春来新笋可入诗
周末去市场买菜,看到有新鲜的竹笋卖了。装在箩筐里,还沾着新鲜的红泥土。嫩生生的,我挑了几只,还蛮贵。“一只笋,一棵竹”。多年前妈妈常说这句话。
小时候村里人都穷,春来没啥新鲜东西可吃。可是不远处的山上呀,一阵春雨滋润,漫山遍野尖尖的竹笋娃娃爱煞人,可是那山是人家承包的,不能随便去挖笋的。村里的大姑娘小媳妇就提着篮筐与看山人打游击。
山上笋多,山土又松软,她们都不必用手刨,用脚照着笋根用劲一踢,咦,一棵肥嘟嘟的春笋就咕噜噜滚了出来。回到家,剥掉笋壳,将肥白的笋切细丝,和咸菜一起炒了,是下饭的一碗好菜,孩子们一筷接一筷地夹,再夹时被母亲一筷挡住:“别都吃光了,下顿还要下饭呢!”

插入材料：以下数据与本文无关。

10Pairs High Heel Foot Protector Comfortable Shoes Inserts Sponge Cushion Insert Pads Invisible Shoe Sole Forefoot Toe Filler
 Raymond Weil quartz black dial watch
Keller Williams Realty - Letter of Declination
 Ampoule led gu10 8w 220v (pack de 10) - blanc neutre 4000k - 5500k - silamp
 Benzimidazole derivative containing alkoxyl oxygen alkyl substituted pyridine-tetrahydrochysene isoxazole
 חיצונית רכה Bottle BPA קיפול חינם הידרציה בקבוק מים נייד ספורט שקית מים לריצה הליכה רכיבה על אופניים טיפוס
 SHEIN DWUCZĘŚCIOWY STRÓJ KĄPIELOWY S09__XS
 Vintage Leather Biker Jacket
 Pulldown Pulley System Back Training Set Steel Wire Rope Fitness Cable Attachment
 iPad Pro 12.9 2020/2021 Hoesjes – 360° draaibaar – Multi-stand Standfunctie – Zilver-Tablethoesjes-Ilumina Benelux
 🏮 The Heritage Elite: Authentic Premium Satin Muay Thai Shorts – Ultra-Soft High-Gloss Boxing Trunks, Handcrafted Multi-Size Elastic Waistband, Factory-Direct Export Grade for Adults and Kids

竹笋又叫“逢人配”和“百搭菜”,就是随便搭配什么菜都好吃,当然啦,搭配香喷喷的肉最好吃,可是,那时穷,没肉吃。如果笋多,可以切丝后晾晒干了做笋干,可以吃很长时间。
要追溯起老祖先吃笋的历史那可就远了去了。诗经里就有“其簌维何,维笋及蒲”——春日祭祖的时候,估计就像现在的清明节吧,没什么好东西来敬供,只好谦恭地对神和地下的祖宗说,请原谅啊,没什么好东西敬您,只有新鲜的竹笋和新蒲。
笋嘛一目了然,可是蒲是什么东西?没弄明白,不会是蒲草吧,君当如磐石,妾当如蒲草,蒲草纫如丝,磐石无转移。那纫如丝的蒲草,割都割不断,还能吃?想不通。
那个写《闲情偶寄》的李渔,笋若有知,必定会引他为知己。李渔在《闲情偶寄》里可是把竹笋狠狠夸了一番,说它是:“至鲜至美之物,蔬食中第一品。肥羊嫩豕,何足比肩?凡食物中不论荤素,皆当用作调和,菜中之笋与药中之甘草,同是必需之物,有此则诸味皆鲜,食笋而遗肉。”就是说,有了竹笋,那肥香的猪肉羊肉牛肉都已不入我的法眼啦。
喜笋爱笋甚至嗜笋的可不止李渔一人,被人称之为“诗鬼”的唐代诗人李贺就说:“箨落长竿削玉开,君看母笋是龙材。更容一夜抽千尺,别却池园数寸泥。”李贺长相丑陋,巨鼻、麻竿儿瘦、长指爪,爱写“秋坟鬼唱鲍家诗”这种鬼气森森的诗句,但却难得写了这样一首咏竹笋的雅诗。
白居易呢,不仅说他爱吃笋,还写出了他的吃法:“置之炊甑中,与饭同时蒸。紫箨拆故锦,素肌劈新玉。每日逐加餐,经时不思肉。久为京洛客,此味常不足。”真够简便的,将竹笋与饭同时蒸,嗯,不知道这样好吃不,我也想试试。
还有那个苏东坡老先生,一生浮浮沉沉,打击连连,可是他对生活的热望依然是那么高,香糯红润东坡肉,日啖荔枝三百颗,先生会享受!然而轮到竹笋了,他说:“长江绕郭知鱼美,好竹连山觉笋香。”在一波一波的政治贬斥和偏远流放中,心性淡然,流行坎止,还能觉出笋香扑鼻,真是不易!
工作的间隙,我喜欢去市场买点小菜回来钻进厨房叮叮当当几勺子,经常看到菜谱上有一样配料叫玉兰片,我纳闷了好长时间,不知道这玉兰片究竟是啥玩意儿,难道是玉兰花的花瓣儿?一直是个谜。有次去超市,看到一个塑料袋上写着玉兰片,心下一喜,透过包装袋使劲儿看里面的东东,一片一片,白白半透明,我赶紧问旁边的工作人员。
工作人员解答得还挺专业,她说玉兰片就是竹笋做的呀,先把竹笋切片,然后用清水浸泡,煮熟,晾干,用特制的工具把笋干压扁,再用微微的炭火烘烤。最后就成了干燥雪白透明的玉兰片,讲究的人家做汤都用到它,吃之前要用水泡发的,叫水发玉兰片。
玉兰片,多雅致的名儿呀,我赶紧买下一包,晚上做汤的时候放一点,一定会香得没了方向。